Fuel, toll and other costs for our service business for the nine months ended
December 31, 2021 were approximately $1.4 million compared with $1.4 million for
the nine months ended December 31, 2020. Fuel, toll and other costs for our
service business accounted for 34.0% of our total service revenue for the nine
months ended December 31, 2021, compared with 37.3% for the nine months ended
December 31, 2020.



Subcontracting fees for our service business for the nine months ended December
31, 2021 increased 18.6% to approximately $1.9 million from $1.6 million for the
nine months ended December 31, 2020. Subcontracting fees accounted for 45.1% and
43.0% of our total service business revenue in the nine months ended December
31, 2021 and 2020, respectively.



13





For property management and subleasing business, the cost of revenue was mainly the amortization of operating lease assets for the subleasing business.





For epidemic prevention supplies business, we have trading and own production.
The cost of revenue included cost of merchandise and cost of our own products.
The other cost of the quarter represented depreciation of machinery.



Gross profit



Garment manufacturing business gross profit was approximately $0.2 million,
accounted for 8.2% of our total Garment manufacturing business revenue for the
nine months ended December 31, 2021 and approximately $0.4 million, accounted
for 8.0% of our total Garment manufacturing business revenue for the nine months
ended December 31, 2020. The gross margin was 0.2% higher due to lower raw
material cost in the months ended December 31, 2021.
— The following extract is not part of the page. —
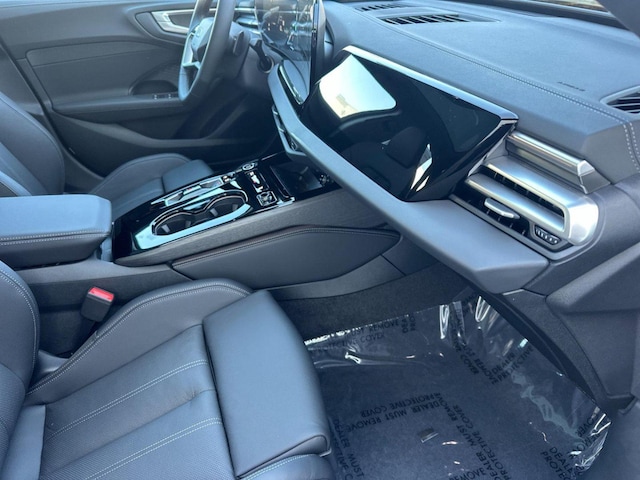 2025 Audi A5 Premium Plus - Photo 14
Gross profit in our logistics services business for the nine months ended
December 31, 2021 was approximately $0.9 million and accounted for 20.9% of our
total Logistics services business revenue. Gross profit in our logistics
services business for the nine months ended December 31, 2020 was approximately
$0.7 million and accounted for 19.7% of our total Logistics services business
revenue. The increase of gross profit ratio was mainly because of a decrease of
operating expenses due to replacement of old vehicles and shifting our strategic
focus on high margin customers.



Gross profit in our property management and subleasing business for the nine
months ended December 31, 2021 was approximately $0.5 million, or 14.2% of our
total property management and subleasing business revenue. Gross profit in our
property management and subleasing business for the nine months ended December
31, 2020 was $0.02 million, or 7.5% of our total property management and
subleasing business revenue.



                                                                                                           Increase
                                                   Nine months ended December 31,                        (decrease) in
                                                                                                         2021 compared
                                                 2021                          2020                         to 2020
                                              (In U.S. dollars, except for percentages)
Gross profit                           $  1,521,584         100 %    $ (1,762,023 )       (100 )%     3,283,607       186.4 %
Operating expenses:
Selling expenses                           (135,310 )      (8.9 )%       (376,975 )      (21.4 )%       241,665        64.1 %
General and administrative expenses      (1,375,513 )     (90.4 )%     (1,454,017 )      (82.5 )%        78,504 )       5.4 %
Total                                  $ (1,510,823 )     (99.3 )%   $ (1,830,992 )     (103.9 )%       320,169        17.5 %
Income from operations                 $     10,761        (0.7 )%   $ (3,593,015 )     (203.9 )%     3,603,776       100.3 %



Selling, General and administrative expenses


Our selling expenses in our Garment manufacturing business segment for the nine
months ended December 31, 2021 and 2020 was $0.0003 million and approximately
$0.003 million, respectively. Our selling expenses in our logistics services
segment was nil for the nine months ended December 31, 2021 and 2020,
respectively. Selling expenses in our property management and subleasing
business was $0.1 million for the nine months ended December 31, 2021. Selling
expenses in our epidemic prevention supplies segment was nil and approximately
$0.4 million for the nine months ended December 31, 2021 and 2020, respectively.
Selling expenses consist primarily of advertisement, local transportation,
unloading charges and product inspection charges. Total selling expenses for the
nine months ended December 31, 2021 decreased 64.1% to $0.1 million from $0.4
million for the nine months ended December 31, 2020. It was mainly due to
decrease of marketing expenses of epidemic prevention supplies business.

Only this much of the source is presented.